# Ayrton Senna



## ADW (Aug 8, 2010)

The Movies out today on DVD, any one got it or seen it? Just a little reminder for all those that may have forgotten. I'm going to collect my copy tonight on bluray. Cant wait! The guy was a living legend and will be my idol forever..


----------



## adlem (Jul 6, 2008)

I missed this when it was out as there was only one showing at a stupid time in out area.

My missus very kindly pre-ordered as soon as she could for me without me knowing and it dropped on the doormat saturday whilst i was away at hers. I'll definitely be puting that on tonight :thumb:


----------



## Ninja59 (Feb 17, 2009)

Repost....

http://www.detailingworld.co.uk/forum/showthread.php?t=235466

mine arrived on saturday


----------



## Naranto (Apr 5, 2007)

My little tribute to a truly racing legend. 
Sized for use a desktop screensaver/wallpaper :thumb:

http://www.hawksheaddesign.co.uk/GWS/sennawallpaper.jpg
The side panel of Ayrton Senna Lotus.


----------



## andy665 (Nov 1, 2005)

One of the most spine tingling, evocative places I have ever visited is the spot at Imola where the accident happened, worth the effort to get on the right side of the circuit rather than visit his statue on the in-field.

A truly driven man, I remember vividly the story of when he first appeared on the scene he was invited to take part in a celebrity driver race for the launch of the Nercedes 190 2.3-16. All the other GP drivers were treating it as a bit of a jolly but Senna was determined to win, nudging a few other drivers out of the way in the process.

I don't think there will ever be a better, more naturally gifted F1 driver and it was perhaps inevitable that he died before his time.


----------



## Coops (Apr 26, 2008)

Still remember to this day where I was when the accident happened.

Watched the movie at the flicks, and when the inevitable happened you could feel the whole theatre gasp together, deathly silent. Very emotional.

Had the DVD arrive on Friday so will probably watch again over the next few weeks.



> Being second is to be the first of the ones who lose


RIP.


----------



## hotwaxxx (Jul 12, 2007)

I honestly cannot remember ever watching him on television. I was 16 at the time of his death and only ever watched F1 probably 10 years later during the Schumacher years. 

I'm not a huge fan of F1 but I do catch the odd race here and there. 

Was he better than Michael Schumacher?


----------



## Coops (Apr 26, 2008)

hotwaxxx said:


> Was he better than Michael Schumacher?


Hard to say - was Alberto Ascari better than Fangio? Jim Clark better than John Surtees? Will Vettel be better than Schumacher?

In terms of stats, then no - Senna is only the 8th most sucessful driver when it comes to F1 World Championships with 3, but then Senna's life was cut short.
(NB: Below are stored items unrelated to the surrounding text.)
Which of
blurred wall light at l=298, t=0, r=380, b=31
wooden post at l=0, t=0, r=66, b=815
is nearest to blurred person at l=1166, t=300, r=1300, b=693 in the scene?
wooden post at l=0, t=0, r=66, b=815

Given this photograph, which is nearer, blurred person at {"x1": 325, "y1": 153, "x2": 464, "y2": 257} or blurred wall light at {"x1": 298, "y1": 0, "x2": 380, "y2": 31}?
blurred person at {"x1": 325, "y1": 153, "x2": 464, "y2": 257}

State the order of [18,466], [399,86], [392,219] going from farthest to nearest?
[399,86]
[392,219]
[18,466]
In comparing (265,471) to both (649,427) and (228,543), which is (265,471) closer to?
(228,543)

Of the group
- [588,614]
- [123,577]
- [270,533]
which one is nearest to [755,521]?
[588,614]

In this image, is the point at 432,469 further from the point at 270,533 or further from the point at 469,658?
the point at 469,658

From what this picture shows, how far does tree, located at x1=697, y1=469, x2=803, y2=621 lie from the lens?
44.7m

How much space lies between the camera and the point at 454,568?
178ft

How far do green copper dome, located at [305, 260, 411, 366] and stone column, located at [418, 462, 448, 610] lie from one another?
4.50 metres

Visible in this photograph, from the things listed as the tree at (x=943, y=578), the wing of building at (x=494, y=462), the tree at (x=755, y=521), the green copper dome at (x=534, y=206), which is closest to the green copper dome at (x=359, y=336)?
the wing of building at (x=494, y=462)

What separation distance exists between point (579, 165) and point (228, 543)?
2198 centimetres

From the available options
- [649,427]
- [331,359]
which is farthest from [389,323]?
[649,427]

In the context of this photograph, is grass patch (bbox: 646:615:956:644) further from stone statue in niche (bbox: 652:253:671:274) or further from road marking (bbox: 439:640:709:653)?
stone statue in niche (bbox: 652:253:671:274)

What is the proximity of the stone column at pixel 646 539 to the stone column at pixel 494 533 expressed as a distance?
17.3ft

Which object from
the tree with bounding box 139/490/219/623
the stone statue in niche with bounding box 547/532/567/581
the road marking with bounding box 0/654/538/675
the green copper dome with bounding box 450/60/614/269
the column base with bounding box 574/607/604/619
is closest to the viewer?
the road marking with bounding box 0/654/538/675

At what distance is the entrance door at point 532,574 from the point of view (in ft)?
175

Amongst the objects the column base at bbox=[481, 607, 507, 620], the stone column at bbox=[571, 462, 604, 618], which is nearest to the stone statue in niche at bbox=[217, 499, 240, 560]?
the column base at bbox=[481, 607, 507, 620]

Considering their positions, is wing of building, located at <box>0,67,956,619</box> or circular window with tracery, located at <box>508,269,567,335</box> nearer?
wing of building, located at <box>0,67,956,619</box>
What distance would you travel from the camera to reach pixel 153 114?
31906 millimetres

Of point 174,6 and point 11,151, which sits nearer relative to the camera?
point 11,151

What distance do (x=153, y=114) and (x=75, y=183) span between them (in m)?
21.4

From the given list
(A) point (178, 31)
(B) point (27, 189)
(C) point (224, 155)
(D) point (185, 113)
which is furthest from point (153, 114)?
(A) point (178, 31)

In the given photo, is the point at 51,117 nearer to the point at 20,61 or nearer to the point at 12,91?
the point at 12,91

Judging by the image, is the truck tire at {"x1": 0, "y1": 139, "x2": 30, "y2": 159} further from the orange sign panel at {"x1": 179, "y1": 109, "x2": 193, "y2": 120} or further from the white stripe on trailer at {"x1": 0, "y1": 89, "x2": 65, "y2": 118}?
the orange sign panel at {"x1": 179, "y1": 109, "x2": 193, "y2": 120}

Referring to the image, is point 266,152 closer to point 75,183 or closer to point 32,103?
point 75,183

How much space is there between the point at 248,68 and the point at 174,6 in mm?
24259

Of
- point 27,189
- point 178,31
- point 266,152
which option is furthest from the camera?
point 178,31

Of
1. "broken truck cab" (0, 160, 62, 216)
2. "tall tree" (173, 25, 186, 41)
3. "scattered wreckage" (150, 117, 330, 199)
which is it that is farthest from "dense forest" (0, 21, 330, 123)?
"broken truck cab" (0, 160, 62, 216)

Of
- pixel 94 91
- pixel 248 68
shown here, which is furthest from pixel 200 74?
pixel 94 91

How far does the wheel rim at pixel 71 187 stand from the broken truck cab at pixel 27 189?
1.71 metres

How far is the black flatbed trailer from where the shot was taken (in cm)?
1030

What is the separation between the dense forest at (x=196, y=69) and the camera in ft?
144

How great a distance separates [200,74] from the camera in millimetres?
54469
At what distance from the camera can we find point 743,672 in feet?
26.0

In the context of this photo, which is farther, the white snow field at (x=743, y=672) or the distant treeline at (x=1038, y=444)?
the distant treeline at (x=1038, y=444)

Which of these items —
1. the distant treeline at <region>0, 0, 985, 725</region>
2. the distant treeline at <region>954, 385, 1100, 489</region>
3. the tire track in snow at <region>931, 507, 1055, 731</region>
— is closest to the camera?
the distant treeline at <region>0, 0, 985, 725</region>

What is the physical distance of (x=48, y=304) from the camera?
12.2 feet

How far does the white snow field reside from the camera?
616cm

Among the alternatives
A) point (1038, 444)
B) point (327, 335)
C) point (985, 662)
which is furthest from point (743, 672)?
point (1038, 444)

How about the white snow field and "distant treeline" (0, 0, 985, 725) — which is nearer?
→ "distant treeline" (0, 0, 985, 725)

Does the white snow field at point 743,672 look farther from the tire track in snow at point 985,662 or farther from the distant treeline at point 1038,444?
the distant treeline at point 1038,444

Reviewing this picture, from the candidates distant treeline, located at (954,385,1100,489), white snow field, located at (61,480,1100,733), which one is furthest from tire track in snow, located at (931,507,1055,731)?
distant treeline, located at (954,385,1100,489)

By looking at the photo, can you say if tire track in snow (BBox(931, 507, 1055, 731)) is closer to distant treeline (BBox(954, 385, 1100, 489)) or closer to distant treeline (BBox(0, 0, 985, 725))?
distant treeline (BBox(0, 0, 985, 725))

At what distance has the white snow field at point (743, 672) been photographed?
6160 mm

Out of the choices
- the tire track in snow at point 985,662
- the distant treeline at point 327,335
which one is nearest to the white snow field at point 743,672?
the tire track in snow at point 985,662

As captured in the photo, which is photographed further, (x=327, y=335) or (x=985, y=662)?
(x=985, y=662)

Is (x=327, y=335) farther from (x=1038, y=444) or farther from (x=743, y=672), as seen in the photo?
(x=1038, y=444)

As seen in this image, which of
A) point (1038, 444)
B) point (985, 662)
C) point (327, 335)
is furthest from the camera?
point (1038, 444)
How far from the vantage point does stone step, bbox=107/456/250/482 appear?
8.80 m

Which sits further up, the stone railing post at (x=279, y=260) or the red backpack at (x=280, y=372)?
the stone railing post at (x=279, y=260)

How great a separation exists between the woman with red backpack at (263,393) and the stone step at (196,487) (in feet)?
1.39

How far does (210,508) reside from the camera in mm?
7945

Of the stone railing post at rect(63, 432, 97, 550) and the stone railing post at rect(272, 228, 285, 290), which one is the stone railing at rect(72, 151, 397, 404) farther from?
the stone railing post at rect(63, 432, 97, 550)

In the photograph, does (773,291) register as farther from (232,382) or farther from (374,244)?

Yet when you look at pole positions, then his hit rate is better than Schmacher - Senna had 65 poles out of 162 races (40%) yet Schmuey only managed 23% (68 poles out of 284 races)

However, in term's of raw ability and having that edge, then yes (IMO).


----------



## adlem (Jul 6, 2008)

I agree with above ^

For me, he was the best driver. Schumacher lucked into the right cars and having the right team around himIMO

I don't rate Hamilton even though people liken him to Senna in going for gaps/taking risks - there is NO comparison in my eyes.

Will Vettel be the best stats wise? Hard to say, he is scarily quick but has he done a Schumey and lucked in? I just can't seem to like him...


----------



## ADW (Aug 8, 2010)

He made F1 exciting to watch, packing skills and emotions into what can only be described as an art form of driving.. I was only 2 or 3 years old when he died but ive been a keen F1 follower for years now and ive never seen Senna's sparkle in anyone except in Lewis Hamilton.. I wont compare the two as I don't think anyone can replace the raw talent that was Senna, but he's not far off. If only Lewis could control and focus his emotions in the same way Senna did i think we could have very exciting races in the pipe line for years to come..


----------



## scragend (Oct 29, 2005)

Coops said:


> H
> In terms of stats, then no - *Senna is only the 8th most sucessful driver when it comes to F1 World Championships with 3*, but then Senna's life was cut short. Yet when you look at pole positions, then his hit rate is better than Schmacher - Senna had 65 poles out of 162 races (40%) yet Schmuey only managed 23% (68 poles out of 284 races)


Joint fourth, surely? Only Schumacher (7), Fangio (5) and Prost (4) have more titles. Five drivers, including Senna, have three titles.


----------



## Coops (Apr 26, 2008)

scragend said:


> Joint fourth, surely? Only Schumacher (7), Fangio (5) and Prost (4) have more titles. Five drivers, including Senna, have three titles.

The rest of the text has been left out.